As astronomers have the ability to see further and further back in time, will it ever be possible to see any light from the Big Bang?

It was detected in 1964 (or at least, that’s closest thing it’s possible to see). It’s not visible light, but in the form of microwaves. IIRC, and if I’m understanding correctly, the early universe was opaque to light, as photons would interact with the very hot medium. As the universe cooled, it became possible for atoms to form. The CMB is the light emitted by these first atoms, about 379,000 years after the big bang itself.

Yup, we’ve been doing it since the 1960s. Or rather, we’ve been detecting it for several decades longer than that, but it wasn’t until the 1960s that we realized what it was.
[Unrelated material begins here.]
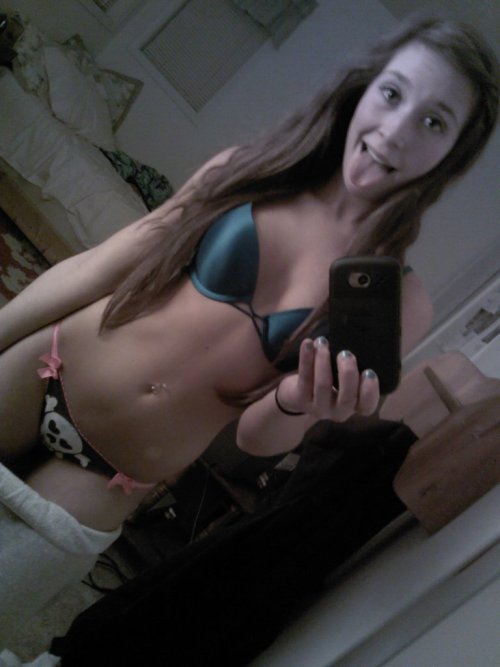 reallysexyselfshots:  Thanks for the sexy submission!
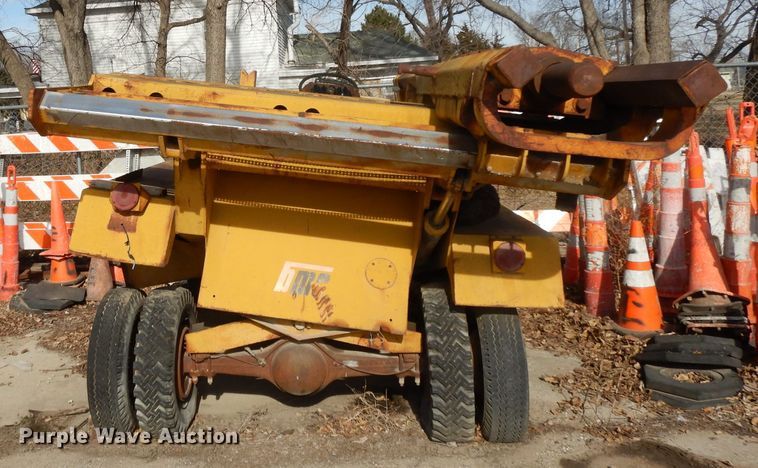 image for item DL2675 Broderson Hydra-Hammer hydraulic breaker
Light from that era is highly redshifted, so by now it’s all shifted down into the microwave range, and forms what’s called the cosmic microwave background.

That’s light that dates from a few hundred thousand years after the Beginning (though still coming from the general fireball conditions of the Big Bang). There’s no chance that we’ll ever be able to see light from before that time, since before that time, the Universe was opaque. We could, however (in principle, at least) detect gravitational waves from much earlier, possibly to as early as 10[sup]-32[/sup] seconds or so. This presents significant technological challenges: We’ve yet to detect any gravitational waves (though the Advanced LIGO instrument should do so in the next couple of years), and it would take an instrument a few generations more advanced than Advanced LIGO to detect the sort of gravitational waves we expect to have been produced that long ago. But it’s possible in principle.